JUDGEMENT
H.S.BEDI,J -
(1.) MUKTA Devi is the complainant in FIR No. 229 dated 20.9.2000 under Sections 498A, 406, 506 IPC, Police Station Chandhut, District Faridabad. As per the allegations made in the petition, she had been married with Pritam son of Sahmal on 24.6.1993 in Palwal, District Faridabad. She thereafter lodged the aforesaid FIR on the basis of which a charge was framed against the accused vide order dated 16.1.2003 under Sections 498A, 406, 506 IPC by Judicial Magistrate Ist Class, Palwal. Aggrieved by the aforesaid matter, the accused filed a revision petition before the Additional Sessions Judge, Faridabad, who set-aside the order of framing of charge against all the accused-respondents except Pritam and thereby discharged the accused vide order dated 15.5.2003. However, against Pritam, he partly accepted the revision under Section 506 IPC only. This order has been impugned in these proceedings by the complainant, Mukta Devi.

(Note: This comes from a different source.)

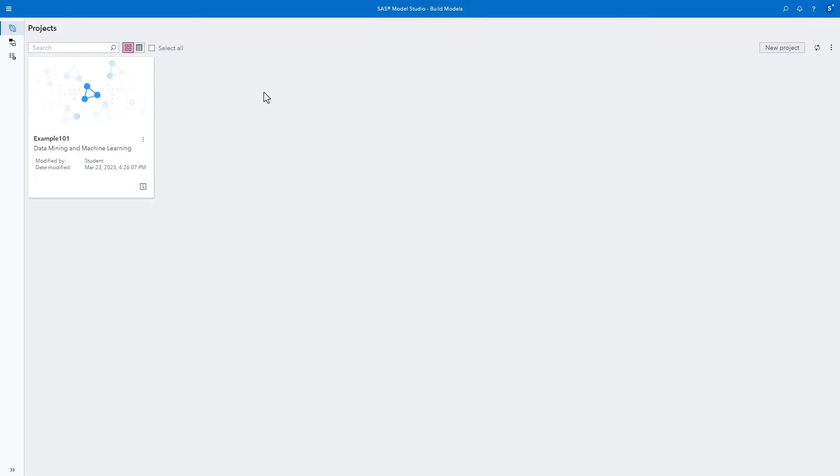Model Studio includes a suite of integrated data mining tools to facilitate end-to-end data mining analysis. Today, I'll show you how to create a pipeline to compare models, how to automatically generate an optimal model, and how to compare multiple pipelines.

(2.) A bare reading of the order of the learned Additional Sessions Judge would reveal that he had examined the record as if he would determine the issue after leading evidence and in a trial. He has also weighed the correctness of the allegations made in the FIR and the statements under Section 161 Cr.P.C. to arrive at a conclusion that no case had been made out against the accused. To my mind, this procedure cannot be applied at the time of framing of the charge, as has been held by the Hon'ble Supreme Court in State of Maharashtra v. Salman Salim Khan and another, 2004(1) RCR(Criminal) 314 wherein it has been observed as under :-
"12. We are of the opinion that though it is open to a High Court entertaining a petition under Section 482 of the Code to quash charges framed by the trial Court, same cannot be done by weighing the correctness or sufficiency of evidence. In a case praying for quashing of the charges, the principle to be adopted by the High Court should be that if the entire evidence produced by the prosecution is to be believed, would it constitute an offence or not. The truthfulness, the sufficiency and acceptability of the material produced at the time of framing of charge can be done only at the stage of trial. By relying upon the decisions of the apex Court most of which were with reference to appeals arising out of convictions, we think of the High Court was not justified in this case in giving a finding as to the non- existence of material to frame a charge for an offence punishable under Section 304, Part II, IPC, therefore, so far as the finding given by the High Court is concerned, we are satisfied that it is too premature a finding and ought not to have been given at this stage. At the same time we are also in agreement with the arguments of learned counsel for the respondents that even the Sessions Court ought not to have expressed its views in such certain terms which indicates that the Sessions Court had taken a final decision in regard to the material to establish a charge punishable under Section 304 Part II, IPC. 13. Therefore, we think it appropriate that the findings in regard to the sufficiency or otherwise of the material to frame a charge punishable under Section 304, Part II, IPC of both the courts below should be set aside and it should be left to be decided by the Court trying the offence to alter or modify any such charge at an appropriate stage based material produced by way of evidence."
This petition is accordingly allowed and the order dated 15.5.2003 passed by the Additional Sessions Judge is quashed.